# Sat 4/6



## Capt. Delynn (Oct 4, 2007)

Got to fish with my buddy Keith and his wife who will be forever known by me as Cheyenne. Everyone seems to get a nick name while fishing with me and that includes myself. Boy do I get called some good ones. Its all in fun and I love the kidding and silly things that make a fishing trip what it is. We fished together 2 days this week. Mon. and Sat. First day we only had some squid for bait and headed out. Got a quick limit of ajs and would of had a limit of grouper if their captain could count. It was to cold to take off my shoes and I only have ten fingers. 10 + 1 = 12 right. Good thing I fish for a living and not count money. So, I owe you a grouper in the near future. 

Next trip we stopped and got some bait and made a stop for ajs and 1/2 mile run to a limit of scamps. Headed in with all the fish 2 people wanted to reel in. 
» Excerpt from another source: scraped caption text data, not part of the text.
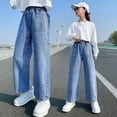 thumbnail image 2 of Kids Girls Jeans Elastic Waist Wide Leg Pants Teen Girl Clothes Cute Baggy Jeans 7-8 Years Girls Fashion, 2 of 3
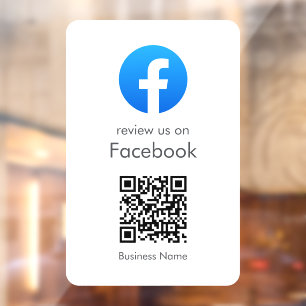 Autocollant Pour Fenêtre Avis Facebook Code QR Entreprise Minimal Blanc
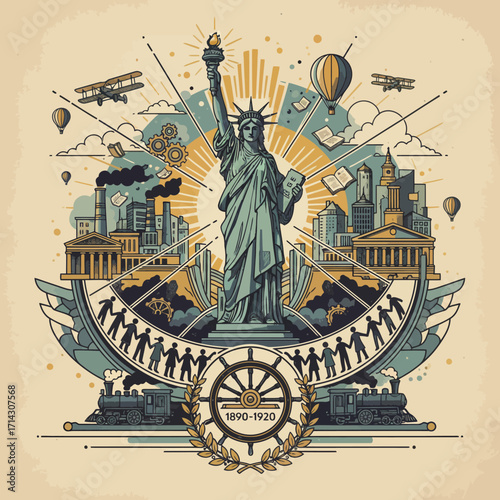 Statue of Liberty A Timeline of American Progress and Innovation (1890-1930)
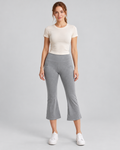 AWA Lea W gray capri flare pants - front view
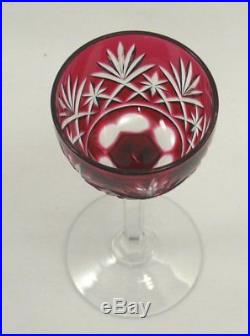 Saint Louis, 6 très beaux verres à liqueur rouges, modèle Massenet, parfait état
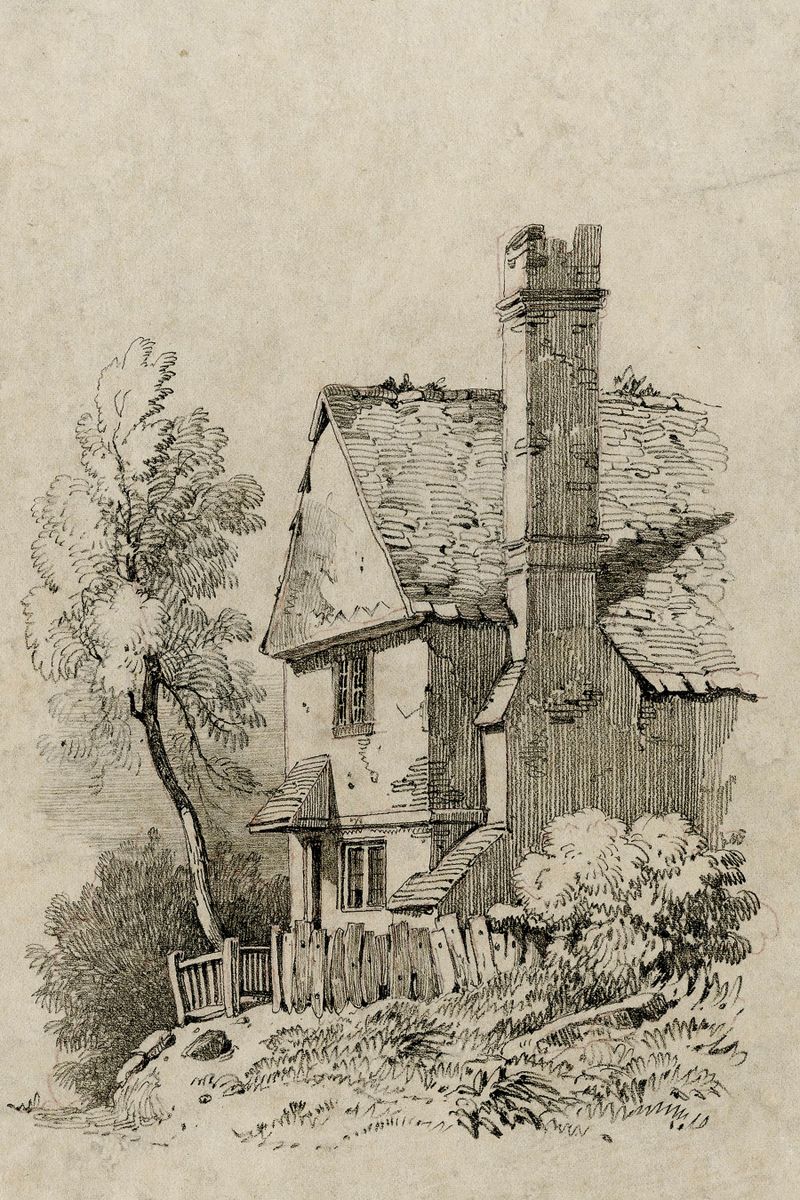 Pen-and-ink sketch of a dilapidated rural cottage with a tall chimney, surrounded by trees, fencing, and wild vegetation.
I love fishing this time of year. Fishing is super easy and the fish are on fire to jump in the boat and head home to dinner with you. Everyone get out there and enjoy before it gets to hot and we have to work for them. 

Captain Delynn Sigler
Offshore/Deepsea Fishing Guide
(850)689-3133 Hm/Office
(850)758-2165 Cell


----------



## Chris V (Oct 18, 2007)

Nice bag. Those are some beautiful scamp!


----------



## aquatic argobull (Mar 2, 2009)

Nice report. Those are some nice lookin scamp!


----------



## Capt. Alex Pinney (Jan 23, 2008)

Nice scamp . I would love to fry some of those up with some cheese grits !


----------



## lobsterman (Sep 30, 2007)

Awesome board!!!It is scampdillyishious.


----------



## Telum Pisces (Sep 27, 2007)

Great board of fish Capt.


----------



## Capt. Delynn (Oct 4, 2007)

Thanks Guys, I'm not a big fan of deep dropping so I am glad to see the shallow water groupers come back in season. It sure will be nice to put some gags in the box in July. But, for now, i'm happy just making some scamp sandwiches. Funny thing is on the way home, I was thinking just that. Man, some fried up scamp sure would be good right now. Guess whats for lunch today. Yummy! Keith and his wife really love to fish. They do great for just two people fishing.


----------



## Fish Eye (Apr 4, 2013)

Nice haul Capt. One things for sure you have some honey holes.


----------



## bigrick (Sep 29, 2010)

you don't have to many bad days fishing do you, another awesome trip...


----------



## 24ft fishmaster (Apr 26, 2012)

Looks like another awesome trip capt.You definitely are a productive fisherman! Thanks for another great report.Im about ready to get back out in some deeper water .


----------



## eodusmc (Jul 29, 2009)

cant wait to get home. nice haul


----------



## jplvr (Mar 7, 2011)

Nice job as alway Capt


----------



## jcasey (Oct 12, 2007)

Capt. Delynn never fails to produce some amazing results ! I am totally jealous. those are some very nice Scamp for sure. That big AJ is no slouch either.


----------



## cobe killer (Apr 13, 2008)

nice haul!!! thats some stud scamps!!!


----------